» Provided data:
BEGIN

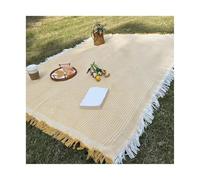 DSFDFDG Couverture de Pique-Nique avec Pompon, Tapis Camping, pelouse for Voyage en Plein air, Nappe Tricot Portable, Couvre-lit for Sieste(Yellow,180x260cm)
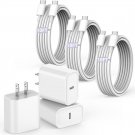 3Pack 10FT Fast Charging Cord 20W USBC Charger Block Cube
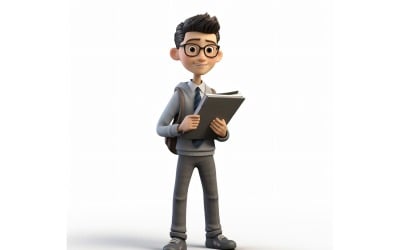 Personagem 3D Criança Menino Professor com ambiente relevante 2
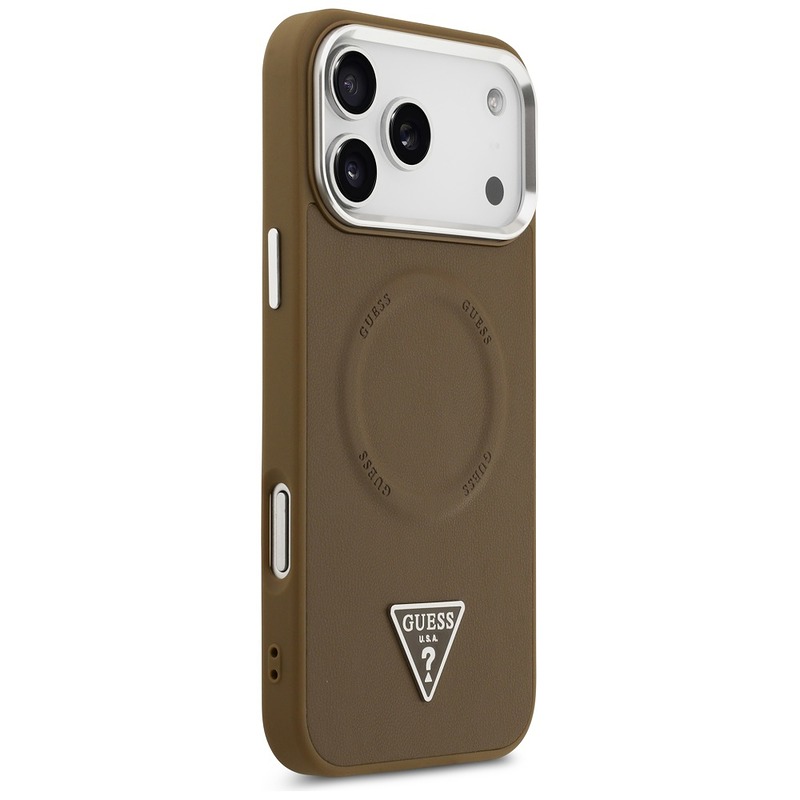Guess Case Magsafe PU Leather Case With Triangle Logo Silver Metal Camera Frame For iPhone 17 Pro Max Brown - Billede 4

END
BEGIN

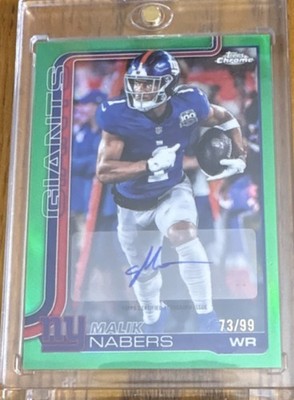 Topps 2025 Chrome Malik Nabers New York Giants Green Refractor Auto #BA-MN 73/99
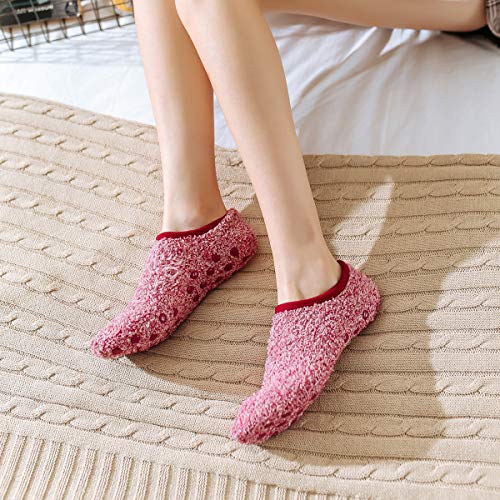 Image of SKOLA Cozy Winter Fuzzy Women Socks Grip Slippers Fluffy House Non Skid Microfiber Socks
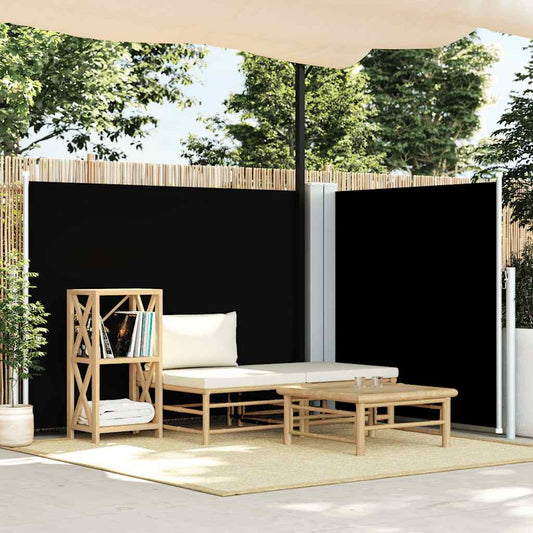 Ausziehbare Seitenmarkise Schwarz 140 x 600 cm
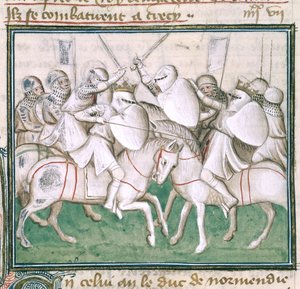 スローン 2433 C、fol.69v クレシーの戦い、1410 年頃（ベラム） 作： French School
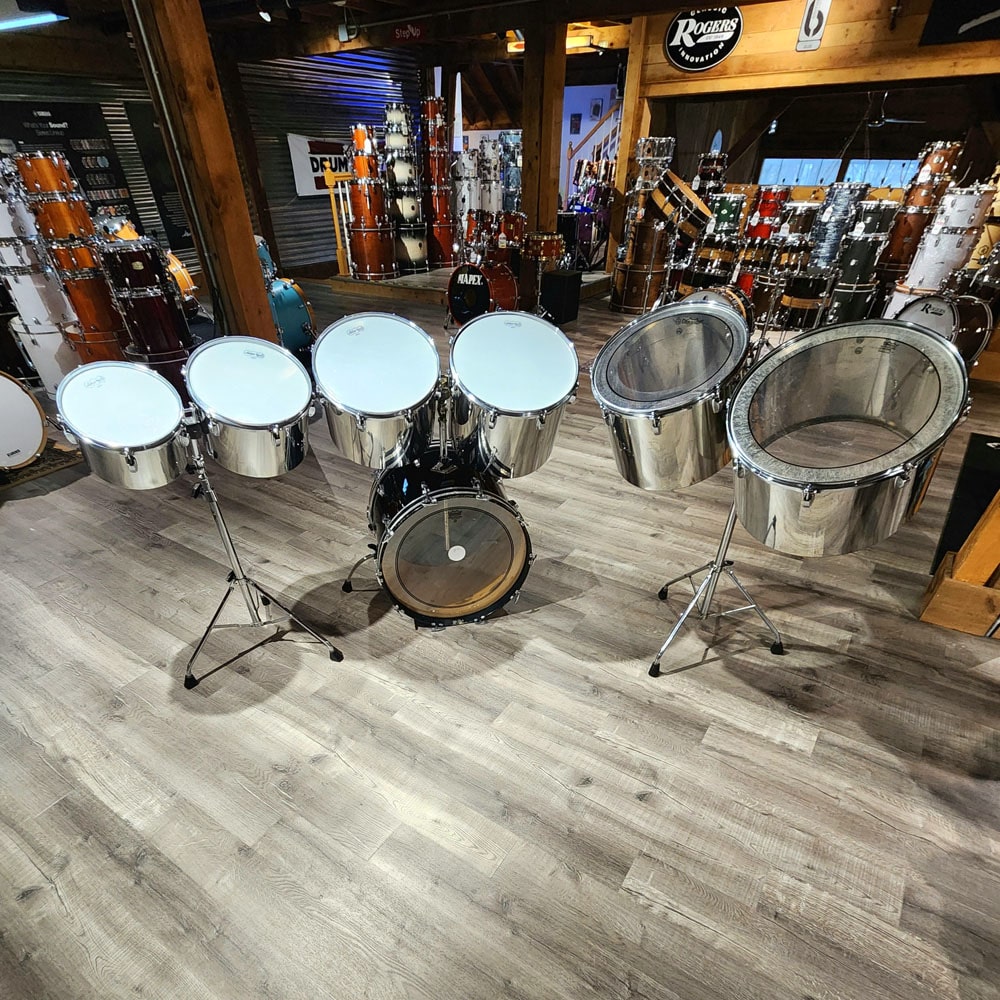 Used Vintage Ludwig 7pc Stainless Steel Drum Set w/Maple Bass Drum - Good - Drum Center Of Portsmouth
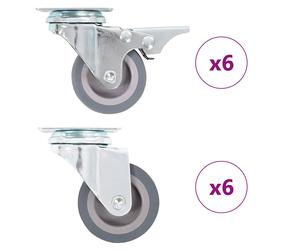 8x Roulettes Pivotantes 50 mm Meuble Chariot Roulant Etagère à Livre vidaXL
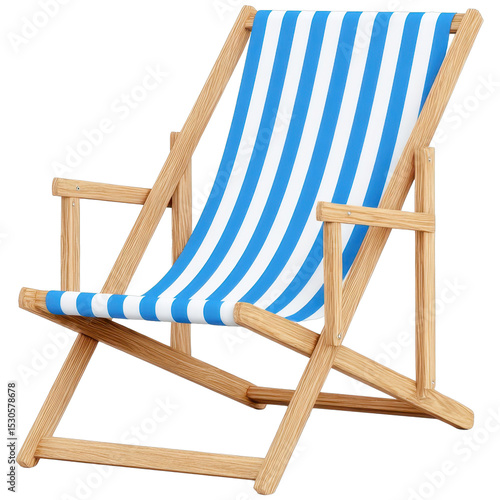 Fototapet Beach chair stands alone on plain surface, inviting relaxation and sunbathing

END
BEGIN

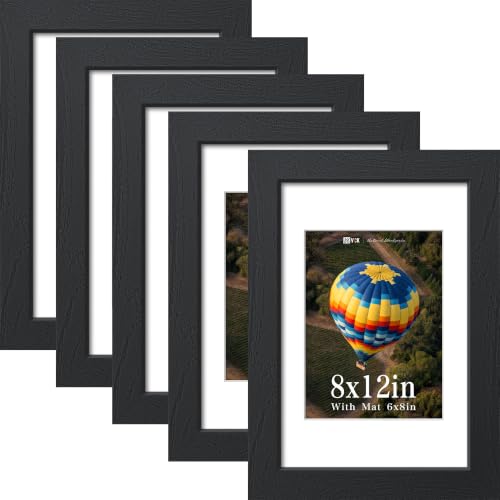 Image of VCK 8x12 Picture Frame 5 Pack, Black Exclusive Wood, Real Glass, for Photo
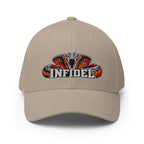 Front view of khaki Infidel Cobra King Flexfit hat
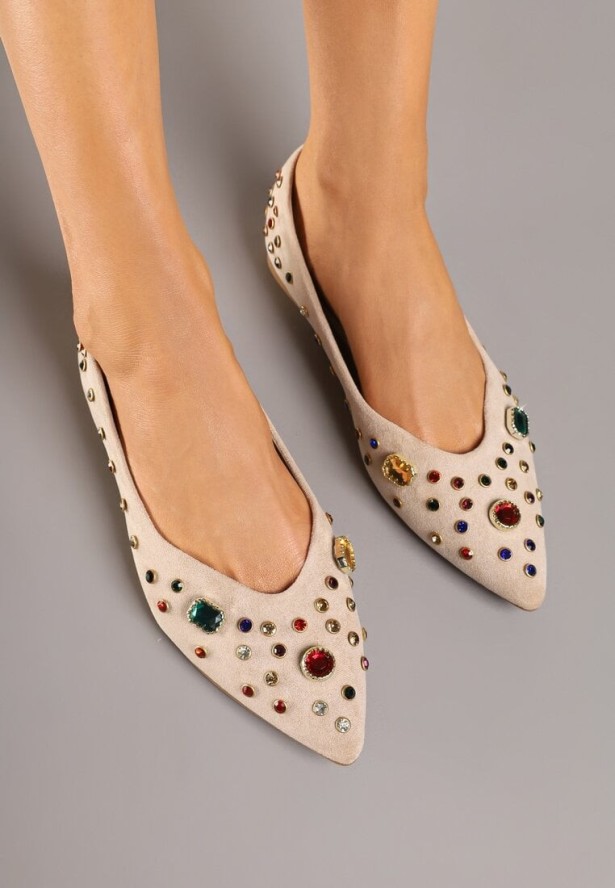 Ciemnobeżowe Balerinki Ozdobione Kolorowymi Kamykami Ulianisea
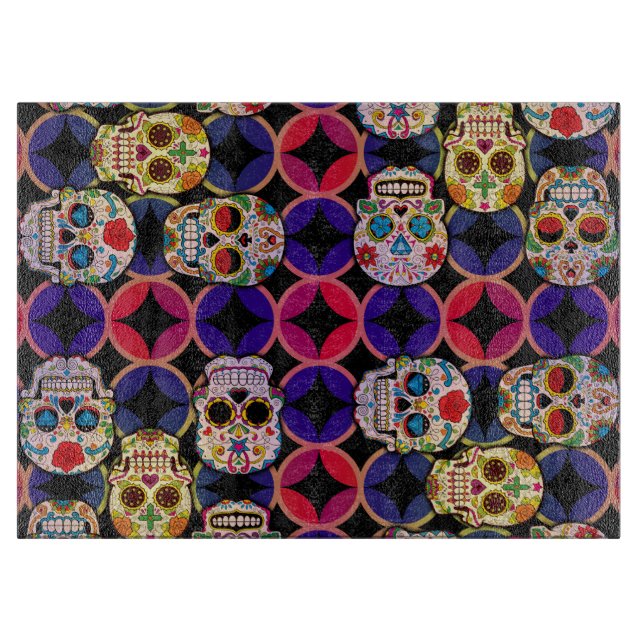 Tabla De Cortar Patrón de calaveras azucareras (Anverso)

END

Return exactly the part of the listing above that opens with the line containing "Image of VCK" and closes with the line containing "Tabla De Cortar". Pictures stay out.

 Image of VCK 8x12 Picture Frame 5 Pack, Black Exclusive Wood, Real Glass, for Photo
 Front view of khaki Infidel Cobra King Flexfit hat
 Ciemnobeżowe Balerinki Ozdobione Kolorowymi Kamykami Ulianisea
 Tabla De Cortar Patrón de calaveras azucareras (Anverso)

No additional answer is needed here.